AIM OF THE EXERCISE:
Every line of the listing should be retyped exactly, but none of the pictures should be.

INPUT DATA:
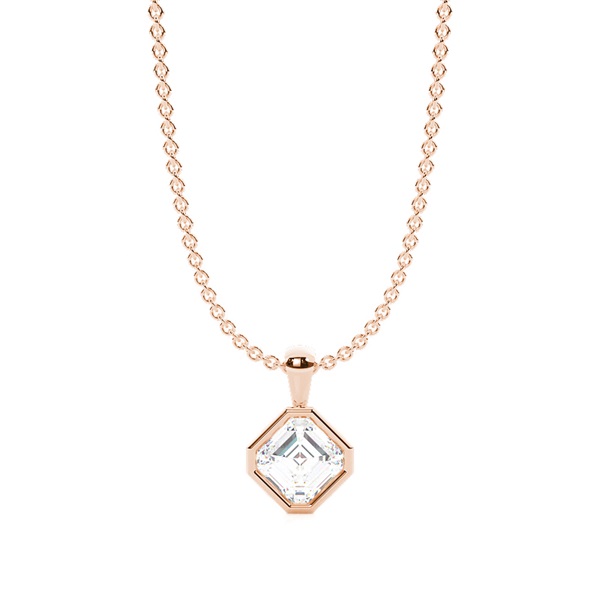 Bezel set Intricate Basket look Solitaire Pendant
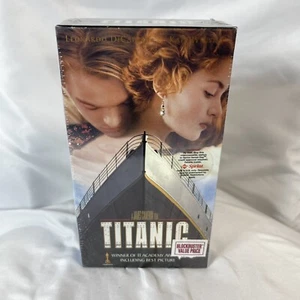 Titanic (2 VHS Tapes) Leonardo DiCaprio & Kate Winslet brand New & Sealed - Picture 1 of 6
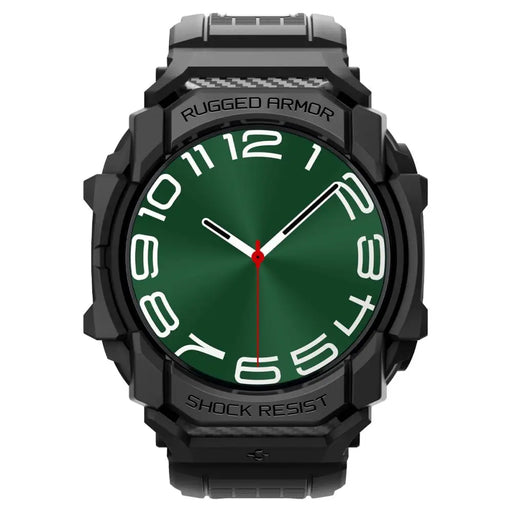 Spigen Rugged Armor Pro Case for Samsung Galaxy Watch Ultra (47mm) - Matte Black - Cell phone cases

RESPONSE TO THE EXERCISE:
 Bezel set Intricate Basket look Solitaire Pendant
 Titanic (2 VHS Tapes) Leonardo DiCaprio & Kate Winslet brand New & Sealed - Picture 1 of 6
 Spigen Rugged Armor Pro Case for Samsung Galaxy Watch Ultra (47mm) - Matte Black - Cell phone cases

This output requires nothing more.